And it's terrible, going to school every day, wondering if some new idiot will come into your life, and how to keep from feeling alienated or betrayed when sex jokes are the best things going in these halls. After all, they are only jokes. To have any response other than amusement would be wrong- you'd be an oversensitive bitch looking for trouble. Strength of mind and respect for one's self are not qualities people like in us. Well, they aren't just jokes, and their tellers have no right to degrade women- the most popular punchline- the way they do. It's wrong, it's a crime. Of course, they don't know it. How could they, when no one has ever defined harassment for them? And no one ever will, because although it's okay to point it out when it's going on a hundred miles away, God help us if it was discovered in RB High School. Last year, they tried to have a big assembly about rape. They separated the two sexes, and gave us videos to watch. The girls took in all the information and asked questions. There was a definite sense of "it will never happen to me," but we still took what we saw into some consideration. The boys, on the other hand, threw it up as a joke. Hooting, cheering, laughing- having a gay ol' time of it. To them, it was simple. They'd never force a girl to have sex with them. If they did that, they were free to commit whatever other crime against the girl that they wanted to. And I'm not even sure of that. It kind of disturbing to know I walk the halls with people who see rape as a joke. Really disturbing, actually.
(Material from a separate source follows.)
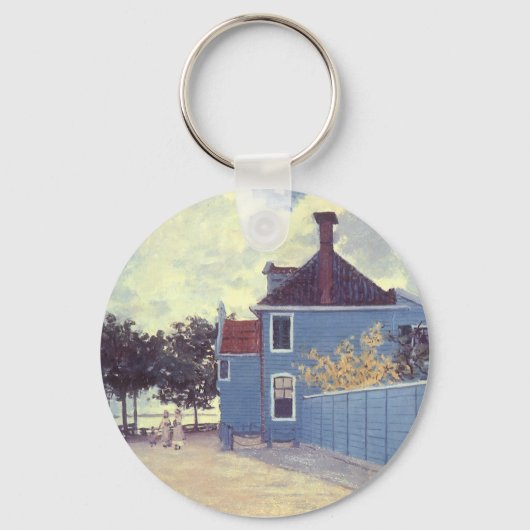 Blauw huis in Zaandam door Claude Monet Sleutelhanger (Voorkant)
And what to do? Sadly, nothing. Being the single social outcast type that I am, it's virtually impossible for me to change the views of an entire school. Personally, I wouldn't know how to take on an entire educational institution. But does that mean I should give up, succumb to the discrimination and take it in as my own? Ummm- lemme think. Never! In my subtle way, I'll toss in my two cents in my circle of friends, maybe add a few lines about my above views in an English essay or two. If I feel violated, I will take myself out of that situation. Kind of like a skewed cross between Ghost in the Graveyard and Running Bases. A confusing game to play, but unbelievably necessary to win.

Weighty stuff this week. I remember a time when there was no depth in my life- analyzing situations was just not something my friends and I did. Every day was a blah day, and every action didn't matter in the slightest. I compare my then and now girls, and I wonder which one I like better. Was I free back then, in my ignorant bliss? Or is it better now, when even I think I know too much? Does knowledge strengthen your ties to the earth, to the society you have to live in, or does it cut the chains and let you fly away? I don't know, but lately I'm feeling awfully burdened.

Quotes of the Week From Coolsigs, "People would follow him anywhere, but only out of morbid curiosity." and "Don't go away mad, just go away!" From Liz Phair (Exile in Guyville, Never Said), "Don't know what they told, don't even care what about. All I know is I'm clean as a whistle, baby- I didn't let the cat out. So don't look at me sideways, don't even look me straight on. Don't look at my hands in my pocket, baby- I ain't done anything wrong!"